Après deux mois de deuil et de retraite à Genève, Mme de Krüdner se rendit à Lyon pour y passer l’automne et l’hiver de cette même année. Elle était déjà très consolée ; elle revoyait peu à peu le monde, recommençait à danser cette danse du schall qu’elle dansait si bien, et resongeait à Paris, son vrai théâtre. Mais elle ne voulait pas y revenir comme une simple mortelle, et, puisqu’elle avait été forcée de le quitter au moment d’obtenir son succès littéraire, elle voulait que le retard servît du moins à rendre le retour plus éclatant. M. Eynard, sur ce point, ne nous laisse rien ignorer, et ce chapitre de son ouvrage est un des plus piquans que nous offre l’histoire secrète de la littérature. Mme de Krüdner se trouvait très liée avec le docteur Gay, médecin homme d’esprit[1], et très propre au manège qu’elle désirait. Il s’agissait pour elle de revenir à Paris le plus tôt possible, sans plus tenir compte de son deuil, et en y paraissant comme forcée par ses nombreux amis et par ses admirateurs. Pour monter à souhait cette rentrée en scène, elle imagina de faire faire à Paris, par les soins du docteur Gay, des vers à sa louange dont elle envoyait de Lyon le canevas ; ces vers adressés à Sidonie (Sidonie c’était, comme Valérie, l’héroïne d’un de romans, c’était elle-même) ; ces vers devaient se trouver insérés comme par hasard dans quelque journal de Lyon ou de Paris. Voici, du reste, la lettre qu’elle adressait à l’habile docteur ; j’en rougis pour mon héroïne, mais M. Eynard a déchiré le voile, et il est désormais inutile de dissimuler : « J’ai une autre prière à vous adresser, lui écrivait-elle ; faites faire par un bon faiseur des vers pour notre amie Sidonie. Dans ces vers que je n’ai pas besoin de vous recommander, et qui doivent être du meilleur goût, il n’y aura que cet envoi : À Sidonie. On lui dira : Pourquoi habites-tu la province ? pourquoi la retraite nous enlève-t-elle tes graces, ton esprit ? Tes succès ne t’appellent-ils pas à Paris ? Tes graces, tes talens y seront admirés comme ils doivent l’être.

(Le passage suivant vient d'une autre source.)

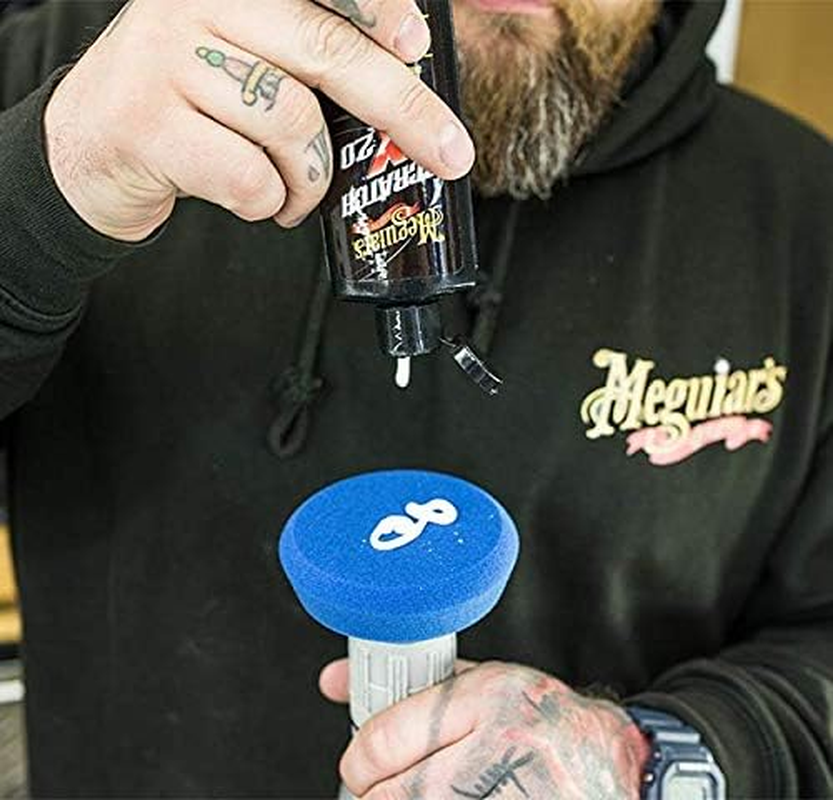 Meguiar'S G190200EU Scratch Removal Kit to Remove Light Car Scratches, Blemishes and Swirls. Quick & Easy image number 1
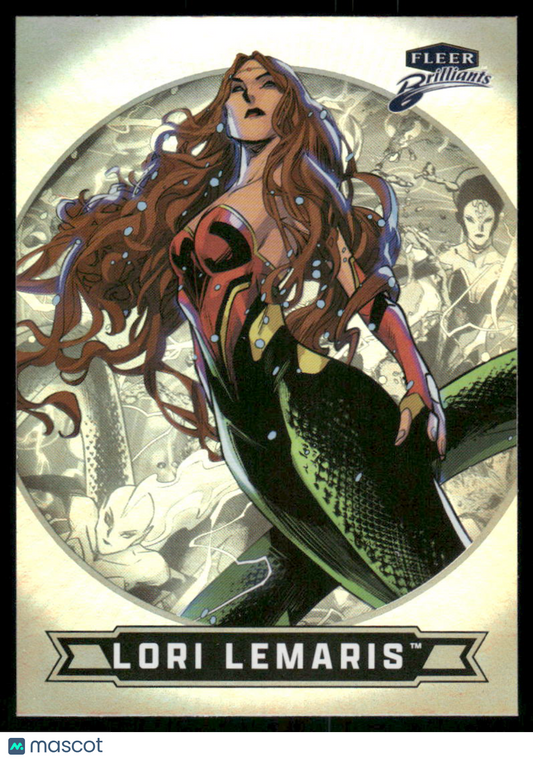 2025 Fleer Brilliants Superman Lori Lemaris #19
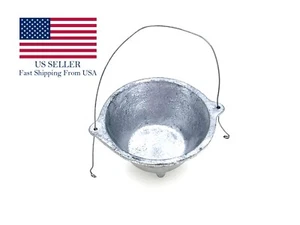 Caldero de aluminio, quemador de carbón, caldero de aluminio, quemador de carbono  - Imagen 1 de 6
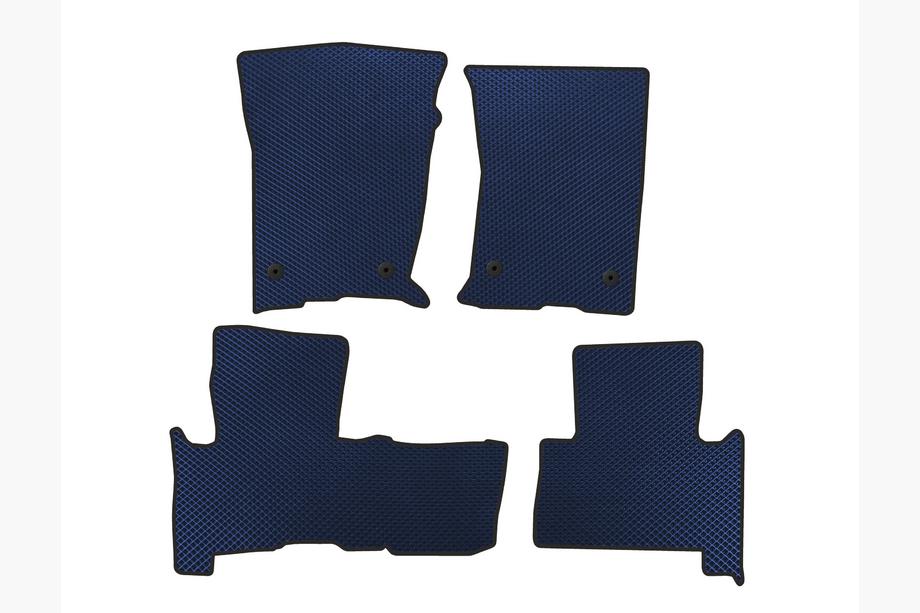 Great Wall Haval H9 2017- Tapis de sol EVA (Bleu) Image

On a peint ta grace enchanteresse[2], mais qui peut peindre ce qui te fait remarquer ? — Mon ami, c’est à l’amitié que je confie cela : je suis honteuse pour Sidonie, car je connais sa modestie ; Vous savez qu’elle n’est pas vaine : j’ai donc des raisons plus essentielles pour elle qu’une misérable vanité pour vous prier de faire faire ces vers et bientôt : dites surtout qu’elle est

  1. Les médecins, quand ils se mêlent d’être charlatans, ne le sont pas à demi ; ils connaissent mieux que d’autres la trame humaine. M. Eynard cite à ce sujet le docteur Portal et son procédé si souvent raconté pour se créer, à son arrivée à Paris, une réputation et une clientelle ; mais, en rapportant ce trait de charlatanisme aux premières années du siècle, il commet un anachronisme de plus de trente ans. Portal était membre de l’Académie des sciences et professeur au Collège de France dès 1770.
  2. Mme de Staël, dans le roman de Delphine, qui venait de paraître.